Bahkan, dia menuturkan, pihaknya telah menarik seluruh obat cair atau sirup yang sebelumnya dijualnya. Titis memastikan, pihaknya sudah tidak lagi menjual obat dengan jenis tersebut. "Sudah ditarik semua mas, obat sirup dan cairnya," tutur Titis.
Sebagai gantinya, Titis mengingatkan kepada setiap masyarakat yang hendak membeli obat cair atau sirup di apotik tersebut bahwa hal itu telah dilarang oleh Kemenkes. Tidak hanya itu, pihaknya juga memasang flyer untuk mengingkatkan kembali setiap pembeli yang datang.

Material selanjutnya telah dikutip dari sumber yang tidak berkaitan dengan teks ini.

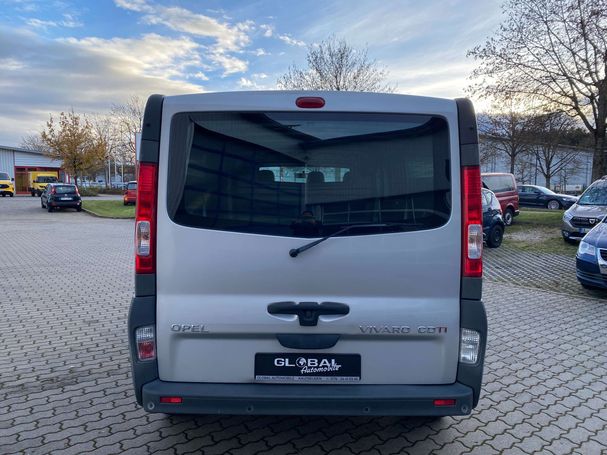 Opel Vivaro L2H1 84 kW image number 9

Kepala Dinkes Kota Depok, Mary Liziawaty menjelaskan, pihaknya telah mengeluarkan surat edaran terhitung Kamis (20/10) sebagai tindak lanjut dari surat edaran yang dikeluarkan Kemenkes. "Menindaklanjuti surat dari kemenkes, hari ini kami bersurat ke seluruh fasyankes, organisasi profesi dan juga toko obat. Sama dengan surat Kemenkes, kita teruskan," akunya.

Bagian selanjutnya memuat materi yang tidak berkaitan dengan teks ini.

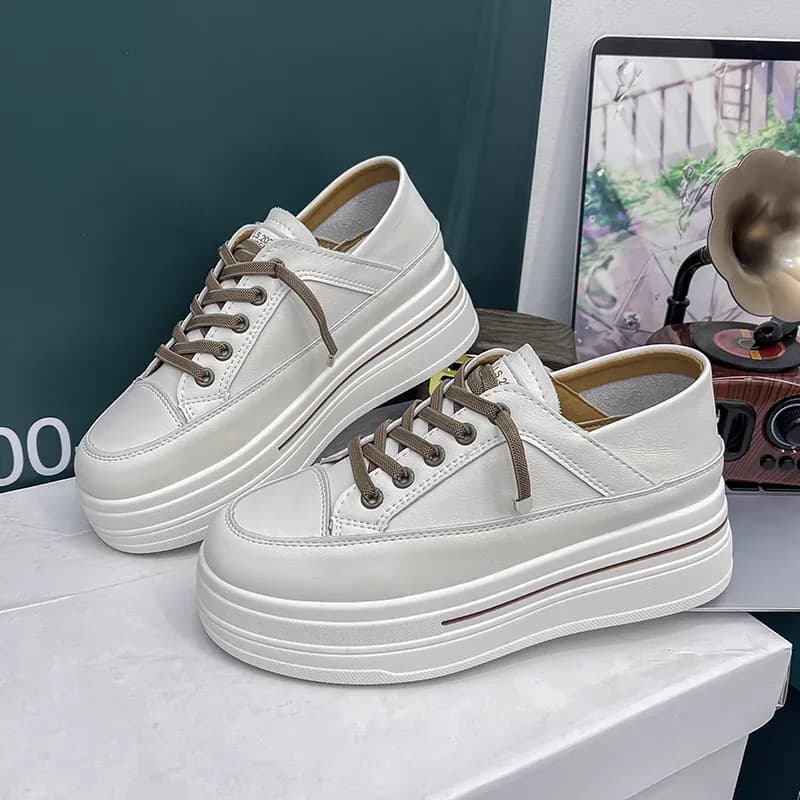 کتونی طرح ونس لژدار زنانه کد 2417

Menanggapi hal itu, Anggota Komisi D DPRD Kota Depok, Ade Supriatna menuturkan, jajarannya akan memanggil Dinkes Kota Depok untuk mengetahui langkah pencegahan yang telah dilakukan. Selanjutnya, pihaknya juga akan melakukan sidak ke apotik secara sampling.
https://www.youtube.com/watch?v=3Ckn6O9v9OE
"Saya usulkan ke pimpinan komisi untuk mengundang Dinkes untuk menjelaskan apa yang sudah dilaksanakan untuk hal ini, serta turun ke lapangan untuk random sampling apakah apotek-apotek sudah melaksanakan instruksi tersebut," jelasnya.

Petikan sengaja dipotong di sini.